That number of books is something of a lowball estimate, says Dorot Jewish Division research librarian Amanda Seigel. She admits that she doesn’t know whether the collection is the world’s largest or not, since many other Judaica collections around the world also own flourishing cookbook collections. But the entire Dorot library, cookbooks and all, is one of the largest Judaica collections on the planet, at a quarter-million items.
While the Dorot Jewish Division continues to acquire new culinary material, the process is slower without Saltzman at the helm. “It’s really her collection,” says Seigel. While newly published Jewish cookbooks are constantly being added to the shelves, Saltzman’s interest in regional, often community-made cookbooks made her acquisitions unique. Choice examples include The Bah-Haimisha Cookbook, put out by a congregation in the Bahamas in 1960, as well as Blast Off With Blintzes from the Sequoia Chapter of Hadassah in Palo Alto, California. The collection’s range, though, stretches far beyond the Americas. “We have cookbooks from Switzerland, from Panama, from Venezuela, [and] from the Philippines,” Seigel rhapsodizes.

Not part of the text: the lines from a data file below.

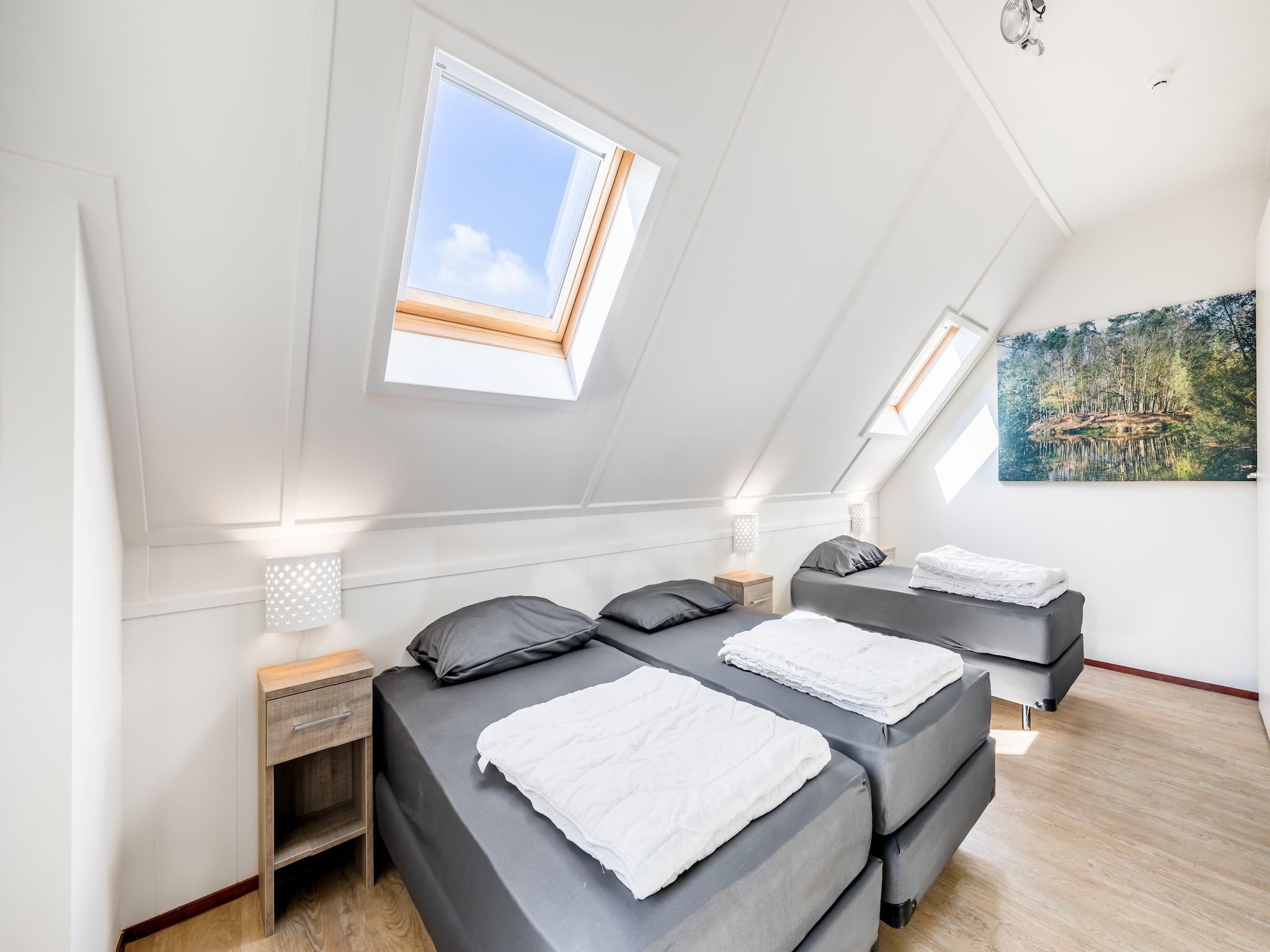 Een slaapkamer van Vakantiepark Weerterbergen 6 in Weert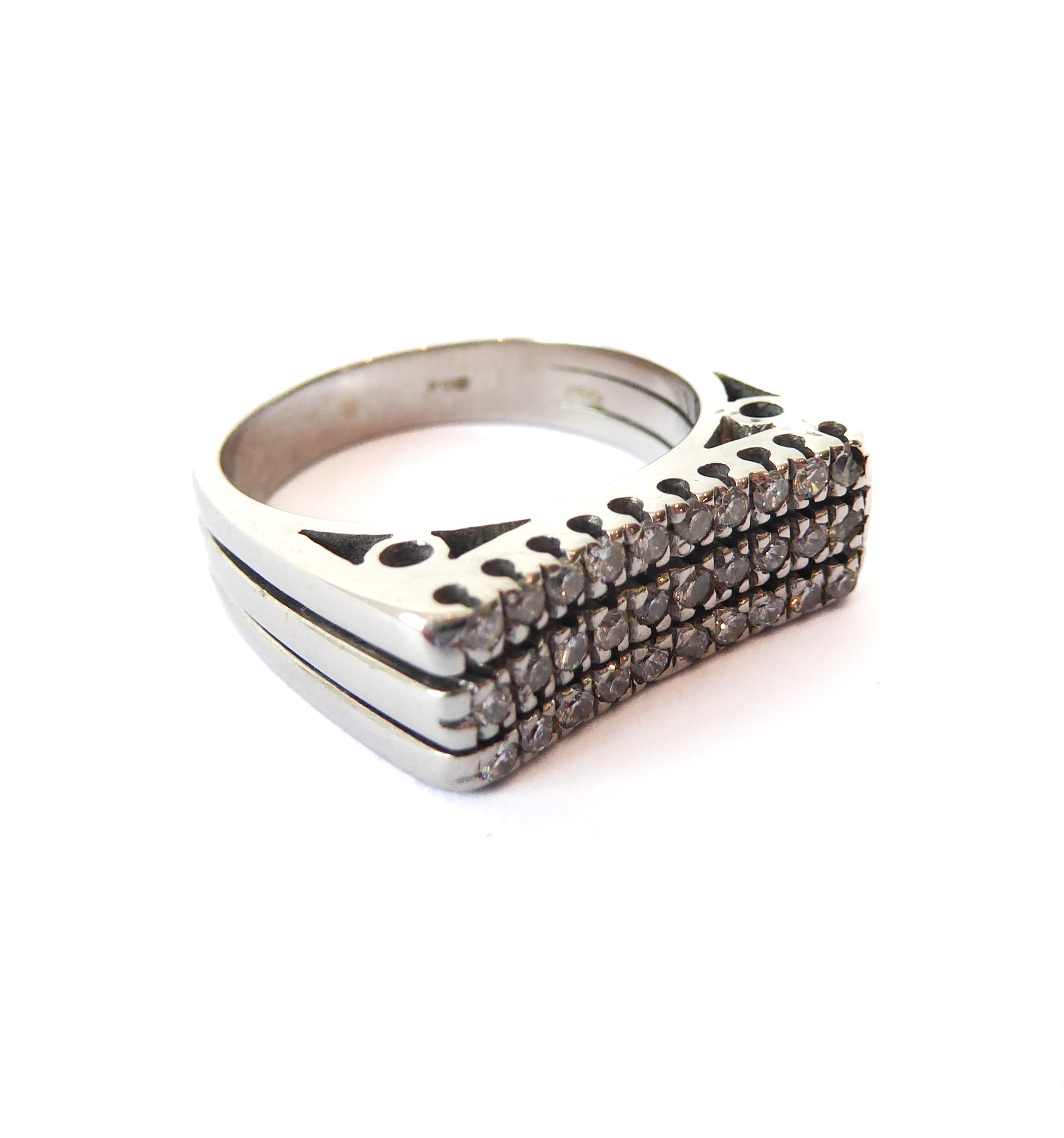 An 18ct white gold and diamond three row ring - marked '750', the slightly concave top set with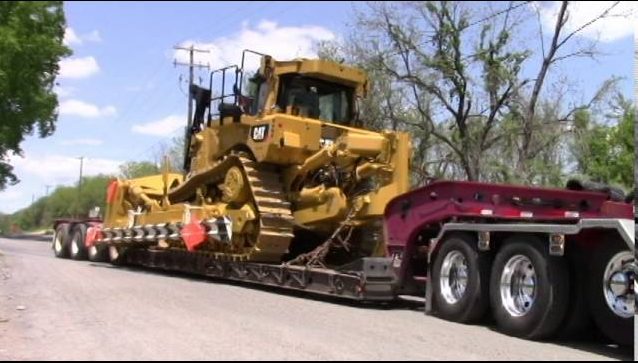 Caterpillar loaded on a low boy for transport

But the collection isn’t just humble, comb-spined community cookbooks. There are lavishly decorated tomes, such as Die Israelitische Küche, published in Germany around 1910, as well as flimsy marketing pamphlets with recipes sent out by big brands interested in catching the eye of mid-century Jewish housewives. One such booklet, by the Crisco shortening company, has recipes for Southern-fried chicken and macaroni salad, printed in both the Hebrew alphabet and English. Saltzman herself donated one eyebrow-raiser, 25 Unorthodox Things To Do With A Hebrew National Salami.
Despite their diversity, Seigel says that Jewish cookbooks are nevertheless a single genre due to religious observances and customs, especially cookbooks focused on holidays. “During most Jewish holidays—not all, but during most—there are categories of work that are religiously prohibited,” she says. “For example, lighting a fire. So a lot of these recipes were developed to cook very slowly and safely or to be kept warm over a flame.”